BEST MODES FOR CARRYING OUT THE INVENTION
[0015] Hereinafter, an embodiment of the light detection tube
according to the present invention will be described with reference
to the drawings. In the referred to drawings, FIG. 1 is a side view
shown by partly breaking the light detection tube according to an
embodiment, and FIG. 2 is an exploded perspective view showing a
thermocompression bonding structure of a sapphire plate shown in
FIG. 1. FIG. 3 shows a schematic configuration diagram of a
thermocompression bonding apparatus for obtaining the
thermocompression bonding structure shown in FIG. 2.
[0016] As shown in FIG. 1, the light detection tube according to
the embodiment is provided with a vacuum vessel having a structure
where a sapphire plate 2 as a photoreceiving face plate 2 is
airtightly fixed to one end opening of a cylindrical side tube 1
forming a light entering window, and a stem plate 3 is airtightly
fixed to the other end opening. A reflected type dynode 4 and anode
5 are accommodated in the vacuum vessel.
[0017] The side tube 1 is integrally composed by brazing or the
like a large diameter kovar metal tube 1A to which the sapphire
plate 2 is fixed, and a small diameter kovar metal tube 1B to which
the stem plate 3 is fixed.
[0018] The sapphire plate 2 is attached to a light entering window
of the vacuum vessel as a window material having good ultraviolet
ray transmitting efficiency. Since the sapphire plate 2 having a
thickness of 0.5 mm or less is easily damaged, and the sapphire
plate 2 having a thickness of 1.0 mm or more is reduced in
transmissivity of a ultraviolet ray, the thickness of the sapphire
plate 2 is set to about 0.7 mm. Incidentally, although the
transmissivity of the ultraviolet ray of 270 nm is 85% in the
sapphire plate 2 having the thickness of 0.7 mm, the transmissivity
of the ultraviolet ray of 270 nm is reduced to 80% in the sapphire
plate 2 having the thickness of 1.0 mm.
[0019] A photoelectric face for generating photoelectrons by the
absorption of the ultraviolet ray is formed on the inner surface of
the sapphire plate 2. Therefore, a single crystal sapphire plate
suitable for the formation of the photoelectric face is used as the
sapphire plate 2. The photoelectric face is composed of a
semiconductor photoelectric face having an activity layer of, for
example, AlGaN.
[0020] The stem plate 3 is formed of borosilicate glass, and a
plurality of stem pins 6 are airtightly penetrated in the stem
plate 3. Each stem pin 6 is connected to the dynode 4 and anode 5
arranged in the kovar metal tube 1A constituting the side tube
1.
[0021] Herein, as shown in FIG. 2, the sapphire plate 2 is formed
in a circular shape.
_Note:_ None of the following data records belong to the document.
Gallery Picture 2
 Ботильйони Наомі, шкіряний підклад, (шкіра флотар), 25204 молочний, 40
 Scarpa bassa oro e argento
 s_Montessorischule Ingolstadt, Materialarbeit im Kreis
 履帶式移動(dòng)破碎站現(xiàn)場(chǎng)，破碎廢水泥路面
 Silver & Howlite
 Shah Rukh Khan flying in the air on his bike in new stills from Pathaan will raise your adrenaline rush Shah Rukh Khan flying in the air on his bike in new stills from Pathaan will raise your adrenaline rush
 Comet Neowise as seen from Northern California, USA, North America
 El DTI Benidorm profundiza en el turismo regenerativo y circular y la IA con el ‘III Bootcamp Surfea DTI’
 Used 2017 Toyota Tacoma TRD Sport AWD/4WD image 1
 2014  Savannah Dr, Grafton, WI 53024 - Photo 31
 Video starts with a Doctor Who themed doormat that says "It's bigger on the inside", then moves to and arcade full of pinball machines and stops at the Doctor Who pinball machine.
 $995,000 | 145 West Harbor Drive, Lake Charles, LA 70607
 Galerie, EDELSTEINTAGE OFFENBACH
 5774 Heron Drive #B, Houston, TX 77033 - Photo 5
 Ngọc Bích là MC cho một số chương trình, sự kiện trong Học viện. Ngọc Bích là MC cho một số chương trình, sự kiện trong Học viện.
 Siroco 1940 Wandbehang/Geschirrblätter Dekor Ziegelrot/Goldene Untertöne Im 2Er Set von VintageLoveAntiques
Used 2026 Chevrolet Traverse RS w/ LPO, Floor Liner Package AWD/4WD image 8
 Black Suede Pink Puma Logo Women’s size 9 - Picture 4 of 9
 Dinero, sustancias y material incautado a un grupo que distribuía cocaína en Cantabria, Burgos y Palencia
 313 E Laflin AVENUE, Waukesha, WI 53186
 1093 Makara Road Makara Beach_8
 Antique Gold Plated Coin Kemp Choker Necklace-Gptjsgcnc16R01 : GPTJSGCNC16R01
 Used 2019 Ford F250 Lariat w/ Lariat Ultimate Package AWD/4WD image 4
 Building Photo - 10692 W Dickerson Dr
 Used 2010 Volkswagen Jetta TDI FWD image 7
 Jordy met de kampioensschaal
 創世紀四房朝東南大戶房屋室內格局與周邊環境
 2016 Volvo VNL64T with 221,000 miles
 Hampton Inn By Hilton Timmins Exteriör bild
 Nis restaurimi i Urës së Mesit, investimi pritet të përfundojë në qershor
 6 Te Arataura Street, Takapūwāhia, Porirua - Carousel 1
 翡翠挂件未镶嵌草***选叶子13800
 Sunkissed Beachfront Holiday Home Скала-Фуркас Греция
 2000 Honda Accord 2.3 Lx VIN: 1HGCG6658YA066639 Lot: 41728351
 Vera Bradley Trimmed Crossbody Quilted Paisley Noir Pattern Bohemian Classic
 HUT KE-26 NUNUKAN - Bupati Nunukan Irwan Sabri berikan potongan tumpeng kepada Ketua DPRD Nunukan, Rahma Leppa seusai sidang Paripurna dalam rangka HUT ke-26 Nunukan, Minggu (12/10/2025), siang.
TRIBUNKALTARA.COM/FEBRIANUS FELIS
The peripheral part of the inner surface is
airtightly thermally crimped to the window peripheral part
surrounding the light entering window of the vacuum vessel, that
is, to the opening side end face of the large diameter kovar metal
tube 1A constituting the side tube 1 via a circular seal ring 7
made of aluminum.
[0022] The thermocompression bonding work of the sapphire plate 2
is executed by a thermocompression bonding apparatus 10 shown in
FIG. 3. This thermocompression bonding apparatus 10 is provided
with a pair of pressurizing mechanisms 12 and 12 pressing the
sapphire plate 2 and the side tube 1 via the seal ring 7, and an
electric furnace 11 surrounding the pressurizing mechanisms 12 and
12.
[0023] In the thermocompression bonding work of the sapphire plate
2 using the thermocompression bonding apparatus 10, first, the
sapphire plate 2, the seal ring 7 and the side tube 1 are heated to
470.degree. C. from a room temperature by the electric furnace 11,
and are held as they are for about 25 minutes in that state. The
peripheral part of the sapphire plate 2 with the seal ring 7
sandwiched is then pressurized to the end face of the opening of
the large diameter kovar metal tube 1A constituting the side tube 1
with pressure of about 2 kPa, and is held as they are for about 25
minutes in that state. The peripheral part of the sapphire plate 2
is airtightly thermally crimped to the opening side end face of the
kovar metal tube 1A via the seal ring 7 made of aluminum by slowly
cooling to around the room temperature to release the pressurized
state.
[0024] Herein, since the sapphire plate 2 is not subjected to
metallizing treatment in the light detection tube of the
embodiment, a lattice defect is prevented from occurring on the
sapphire plate due to diffusion of impurities on the sapphire plate
2. Therefore, even when the sapphire plate 2 is irradiated with the
ultraviolet ray as a light to be measured, the generation of the
phosphorescence or fluorescence from the sapphire plate 2 is
prevented, and the generation of the unnecessary dark noise is
prevented from the photoelectric face of the rear surface of the
sapphire plate 2.
[0025] The light detection tube according to the prevent invention
is not limited to the embodiment. For example, the kovar metal tube
1A in which the sapphire plate 2 as the photoreceiving face plate
is thermally crimped via the seal ring 7 made of aluminum can be
changed into a ceramic tube.
[0026] When the kovar metal tube 1A and the ceramic tube are formed
in a square cylindrical shape, the seal ring 7 is formed in a
square-ring-shape, and the sapphire plate 2 is formed in a square
shape.
[0027] Furthermore, as shown in FIG. 4, the peripheral part of the
sapphire plate 2 may be thermally crimped to the opening side end
face of the kovar metal tube 1A or ceramic pipe via the seal ring 7
in a state where the peripheral part is fitted into the opening
side end face by a spigot.
INDUSTRIAL APPLICABILITY
[0028] Since the peripheral part of the sapphire plate is
airtightly thermally crimped to the window peripheral part made of
metal or ceramics, surrounding the light entering window via the
seal ring made of aluminum in the present invention, the lattice
defect is prevented from occurring on the sapphire plate due to
diffusion of impurities on the sapphire plate. Therefore, the
present invention can provide the light detection tube capable of
preventing the situation wherein phosphorescence or fluorescence is
generated from the sapphire plate in detecting the ultraviolet
rays, and of reducing the dark noise.
* * * * *